Nadal advances in Montreal return

Rafael Nadal won his first match since May when his opponent David Ferrer retired with a left knee injury in the first set on Wednesday night at the US$3 million Rogers Cup.

Rafael Nadal beat David Ferrer at the Rogers Cup on Wednesday when Ferrer pulled out during the first set with a knee injury.

Rafael Nadal beat David Ferrer at the Rogers Cup on Wednesday when Ferrer pulled out during the first set with a knee injury.

MONTREAL — Rafael Nadal won his first match since May when his opponent David Ferrer retired with a left knee injury in the first set on Wednesday night at the US$3 million Rogers Cup.

Nadal led 4-3 in the set when Ferrer informed the chair umpire he could not continue. Afterwards Ferrer said the injury wasn’t serious and that he would likely be back on court next week for a tournament in Mason, Ohio.

It was an ironic twist since it was Nadal who was returning for his first match since the French Open due to tendinitis in both knees.

Nadal, who looked strong on the court as Ferrer made him run, will face German Philipp Petzschner in the third round on Thursday.

Wimbledon may have been one of the biggest losses of his career, and yet it seemed to bring a new appreciation for the skill and tenacity of Andy Roddick.

The top American tennis player said Wednesday he was “humbled” by the reaction of fans both at the All England Club and back home in North America to his five-set loss to Roger Federer in July, in which the Swiss ace won a record 15th career grand slam title.

“I don’t know if I’ve ever had this level of support in my career thus far,” said the fifth-seeded Roddick after he dispatched Igor Andreev of Russia 6-1, 7-6 (3) in the second round of the US$3-million Rogers Cup.

“It definitely helped a lot as far the recovery process and getting excited about getting back out here again. Especially seeing the excitement it caused for tennis in the United States. It was THE story for a couple of days or a week, which is rare. There’s been a lot of good things that have come of it.”

The centre court crowd at Uniprix Stadium was certainly on the side of the 26-year-old American as he evened his match record against Andreev to 2-2 and advanced to a third round meeting with 10th-seeded Fernando Verdasco of Spain.

But it wasn’t quite like that moment at Wimbledon when both players were cheered for a classic final match.

“To be honest, afterwards I was sitting there and there was a million things going through your head, especially with the significance of what happened, of what Roger had just accomplished. For them to acknowledge my effort was kind of nice. I certainly appreciated it.”

And now the former world No. 1 feels a new appreciation from fans.

“During my career I’ve been portrayed as every type of person — good, bad, ugly, rude, nice — and this is the first time it’s been presented in the light of a hard-working, everyday Joe type of tennis player trying to make good,” he said. “All the while the meat and potatoes of who I am have probably stayed the same.

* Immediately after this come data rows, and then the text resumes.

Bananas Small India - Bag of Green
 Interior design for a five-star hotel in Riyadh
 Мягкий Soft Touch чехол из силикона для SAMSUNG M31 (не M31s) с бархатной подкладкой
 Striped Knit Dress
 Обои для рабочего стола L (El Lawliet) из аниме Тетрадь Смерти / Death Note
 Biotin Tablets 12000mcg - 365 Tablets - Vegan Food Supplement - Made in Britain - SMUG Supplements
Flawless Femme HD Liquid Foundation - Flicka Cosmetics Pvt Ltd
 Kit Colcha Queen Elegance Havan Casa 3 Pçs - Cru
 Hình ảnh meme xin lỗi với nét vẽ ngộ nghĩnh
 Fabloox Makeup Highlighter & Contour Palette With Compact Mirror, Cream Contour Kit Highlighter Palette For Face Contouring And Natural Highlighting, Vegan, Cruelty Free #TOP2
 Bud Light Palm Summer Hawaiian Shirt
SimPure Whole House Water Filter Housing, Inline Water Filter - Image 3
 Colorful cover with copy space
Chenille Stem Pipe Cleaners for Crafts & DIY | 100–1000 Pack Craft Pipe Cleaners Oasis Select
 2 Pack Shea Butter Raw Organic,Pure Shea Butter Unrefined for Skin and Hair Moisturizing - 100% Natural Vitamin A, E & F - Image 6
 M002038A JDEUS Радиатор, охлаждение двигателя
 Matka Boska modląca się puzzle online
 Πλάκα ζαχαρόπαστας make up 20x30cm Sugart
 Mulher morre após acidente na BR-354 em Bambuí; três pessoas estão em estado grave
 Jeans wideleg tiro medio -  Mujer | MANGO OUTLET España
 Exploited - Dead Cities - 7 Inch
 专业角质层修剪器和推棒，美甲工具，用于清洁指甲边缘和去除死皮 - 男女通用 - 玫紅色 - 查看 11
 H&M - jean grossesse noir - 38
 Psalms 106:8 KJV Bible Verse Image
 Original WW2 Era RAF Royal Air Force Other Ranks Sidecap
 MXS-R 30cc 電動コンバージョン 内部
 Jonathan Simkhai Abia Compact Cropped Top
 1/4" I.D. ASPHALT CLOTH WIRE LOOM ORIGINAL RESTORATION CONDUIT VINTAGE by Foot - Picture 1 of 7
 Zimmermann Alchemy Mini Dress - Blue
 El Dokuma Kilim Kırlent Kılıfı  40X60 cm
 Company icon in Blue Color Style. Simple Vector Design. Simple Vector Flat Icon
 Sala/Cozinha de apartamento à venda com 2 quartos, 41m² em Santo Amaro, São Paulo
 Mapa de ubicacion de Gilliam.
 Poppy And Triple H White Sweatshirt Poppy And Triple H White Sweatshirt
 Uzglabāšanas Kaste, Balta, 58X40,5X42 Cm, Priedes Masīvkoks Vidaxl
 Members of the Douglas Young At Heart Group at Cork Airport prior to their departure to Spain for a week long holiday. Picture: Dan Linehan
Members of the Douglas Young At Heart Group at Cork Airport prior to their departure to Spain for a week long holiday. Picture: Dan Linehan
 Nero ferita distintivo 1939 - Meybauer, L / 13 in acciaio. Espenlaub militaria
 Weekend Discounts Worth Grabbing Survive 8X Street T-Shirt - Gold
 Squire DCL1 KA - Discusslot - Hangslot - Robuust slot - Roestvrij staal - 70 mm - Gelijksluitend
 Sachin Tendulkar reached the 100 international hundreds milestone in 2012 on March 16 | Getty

“Maybe people have realized that it’s not easy and it does take work.”

With the Wimbledon loss and a three-set defeat in the final in his return to the court last week in Washington, Roddick will be vying to reach a final in a third straight tournament at the Rogers Cup.

Verdasco, the second-ranked left-handed player on the ATP Tour behind Rafael Nadal, advanced to the round of 16 with a 6-1, 6-1 win over Leonardo Mayer of Argentina.

Another former world No. 1, Juan Carlos Ferrero, continued his strong run at the Rogers Cup with a 6-3, 7-6 (6) upset of 13th-seeded Gael Monfils of France.

In doubles, Frank Dancevic of Niagara Falls, Ont., and Pierre-Ludovic Duclos of Ste-Foy, Que., defeated Nikolay Davydenko and Igor Kunitsyn of Russia 7-5, 5-7 (14-12) in a first-round match.

The Canadians’ next opponent will be the eighth-seeded pair of Lukasz Kubot of Poland and Oliver Marach of Austria.